The Salmanticenses explicitly apply this doctrine to charity and the spiritual life. It is very likely through them, directly or indirectly, that this teaching entered the modern Carmelite tradition and reached Bl. Marie-Eugène. Bl. Marie-Eugène used to recommend the Salmanticenses to his brothers.

The great common idea is therefore: a habit grows through acts, but not through all acts indiscriminately. The act must engage the virtue with a proportionate intensity. That intensity is qualitative and volitional, not emotional. Relaxed acts at best weakly stabilise the habit and may actually weaken it.

The scholastic doctrine is metaphysically rigorous, but it raises an immediate practical question: how can a person, in their own conscience, distinguish between “the intensity of an act” and “the intensity of the habit”? The difficulty is real. Neither is directly measurable psychologically. St. Thomas is speaking of an ontological and volitional reality, not of an introspective feeling.

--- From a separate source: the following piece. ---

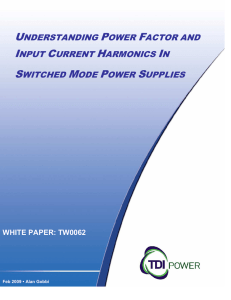 Understanding power factor and input current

A person cannot “measure” their habit of charity as one would measure a quantity. The habit can only be known indirectly, through the acts habitually performed — their ease, stability, purity, promptness, and fidelity under trial. St. Thomas himself provides criteria in I–II, q. 51, a. 2 ad 1: “The sign of a generated habit must be taken from the pleasure experienced in the act” (Signum generati habitus oportet accipere ex delectatione operis). Yet in advanced spiritual life, as St John of the Cross and Fr Marie-Eugène are clear, even sensible consolation can disappear while charity increases greatly. The external signs become increasingly unreliable.

In practice, the comparison between the intensity of the act and the intensity of the habit is not made through feeling but through the truth of the engagement of the will. Several concrete criteria emerge from the tradition.

The first criterion is the most fundamental: does this act truly use what I know I am currently able to give to God? A person may inwardly know that they could respond to God with a real gift of self, but remain voluntarily within a comfortable minimum. The act is then remiss in relation to the habit. Conversely, a simple act, without emotion, without apparent heroism, but performed with all the fidelity currently possible, can be extremely intense theologically. Intensity depends above all on the relative totality of the voluntary engagement, the purity of intention, the real degree of adherence to God, and the interior cost accepted out of love. This is exactly what Bl. Marie-Eugène means by “perfection of the act in itself and purity of intention.”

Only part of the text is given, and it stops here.